It was not until both my parents had passed away in the early 1980's that I thought about our unusual surname and where it had originated. I had lost my best sources of information, and now over 25 years later I still don't have an answer but feel that I have at least made some progress.

Grandfather Thomas (1883-1966) had often told me that we came over with the Spanish Armada, but of course I never believed him. Others since have said that two Italian brothers came over to tile the floors of Jervaulx Abbey in Wensleydale. More info on
http://www.jervaulxabbey.com

In the early stages I contacted family relatives asking them to put down details of their own small group and then drew up various networks from the information received. From this I had obtained names of several of my Grandfather's siblings, and a casual remark while visiting Aunt May, raised the issue of mementos and souvenirs. Luck was on my side, and an old tin box appeared with two Victorian Funeral Invitation Cards which turned out to be for my Great Grandfather James (1853 - 1893) and Great, Great Grandfather William (1825-1907).

These remembrance cards pinpointed places that led me to East Witton in lower Wensleydale, near Ellingstring where my GGF James was born, and where my ancestors had lived and worked as tenant farmers on Jervaulx Estates in Lower Wensleydale. Ellingstring can be found on
http://www.ellingstring.com

In the nearby village of Ellingstring several generations had lived at Moorcote, and Tranmire farms and also Angram Cote Farm where there had been clear occupancy between 1800-1960. Have a look at
http://www.geograph.org.uk/photo/310789 and use the site to locate Tranmire farm where GGF James was born, but he spent his childhood at Angram Cote. James was a farm hind who, with his wife Elizabeth had nine children and moved from farm to farm in the North Yorkshire villages of Tunstall, Gilling, Hartforth, Forcett, Aldbrough and Skeeby before they finally moved to Coatham Mundeville near Darlington.

James's parents William Vayro and Elizabeth Berry remained elusive, due to the fact that another William Vayro and his cousin Esther Vayro had been married in East Witton in 1850. However a second Marriage Certificate showed James's true parents were married in Newcastle in 1949. Initially this was confusing, a repetition of names, which one was correct, and a lesson to be learned.
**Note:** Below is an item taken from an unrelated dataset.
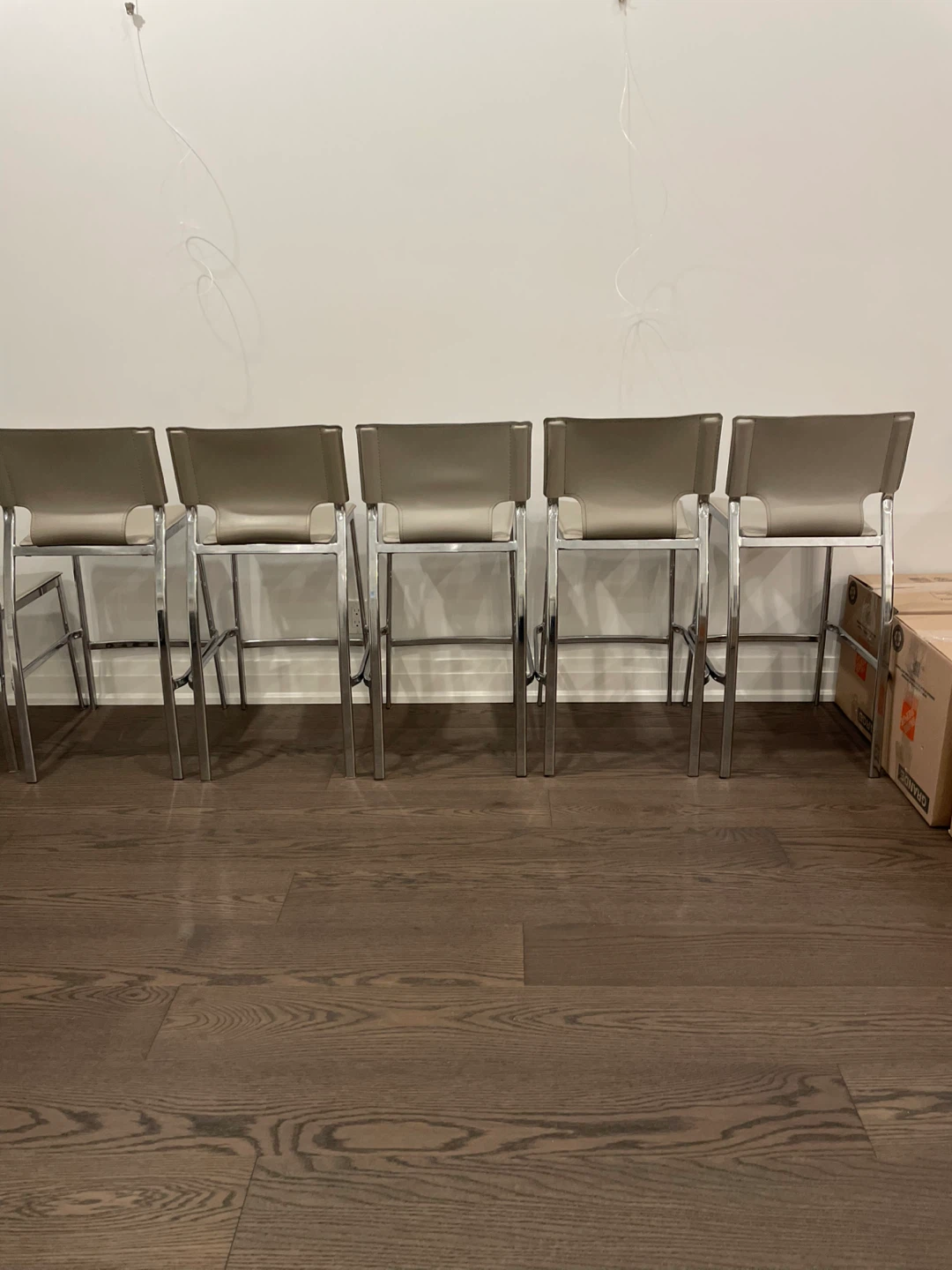 SET OF BARSTOOLS AND 1 CHAIiR - photo 2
Above marriage certificate for cousins William Vayro and Esther Vayro,

Below marriage certificate for William Vayro and Elizabeth Berry, GGGparents of John Rennison

I never accepted anything as absolute proof. When searching records I had found numerous transcription errors. A prime example of this was the baptism records in a Masham register showing variations of Varo, Vayro and Pharoah for what were obviously the same family, a certain Thomas Varo and his wife Catherine nee Spence. Their son John was baptised as Pharoah in April 1830 whilst son William was baptised as Vayro in September 1832, and a further son George baptised as Pharoah in May 1834.
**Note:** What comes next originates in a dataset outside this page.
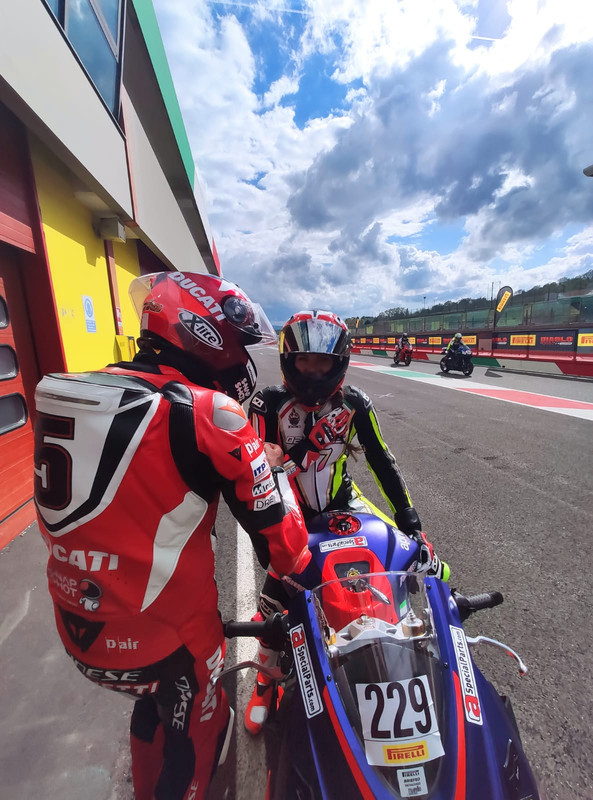 5FC1EF0A-22E7-4CE0-AF23-8542717187FA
In that same year Thomas himself was buried at Masham, and his namesake and final son Thomas was born and died in 1835 having been baptised as Varo, and is buried in the same grave.

It is interesting to note that in the register for two of these children his wife is not shown as Catherine, but is inscribed as Ann or Elizabeth.
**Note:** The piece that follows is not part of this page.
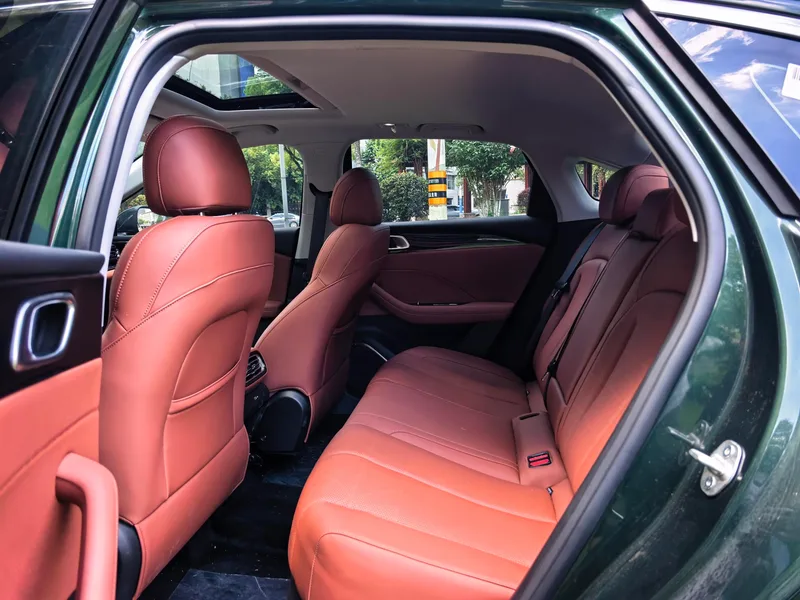 Geely Emgrand 2026 5th Gen 1.5T DCT Flagship exterior photo 9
On his gravestone the inscription reads Thomas died age 38 but the official register shows age as 34.

How can one be certain of tracing an ancestor with so many inaccuracies? And in this case just in one small group of individuals? Were the family illiterate? Probably! Or was it the clergyman or Churchwarden who made incorrect entries in the register? I think this is an example of what George Redmonds describes as "Clerical Misunderstanding or Mischief"

In the end I decided that it didn't really matter a great deal, and that it seemed to be a very familiar problem the further back I traced my ancestry.

Headstone for Thomas Varo in Masham


What I did eventually find out was that this particular Thomas Varo was a relation of a Stanley Varo living in Bingley, but that both his ancestors and mine traced back not just to the same areas of Wensleydale but also to the same William Vayro (1768-1826) and Esther Lye, and beyond. For some reason Stanley's ancestors had decided to drop the Y in our surname at some point in history, or mine had decided to include it.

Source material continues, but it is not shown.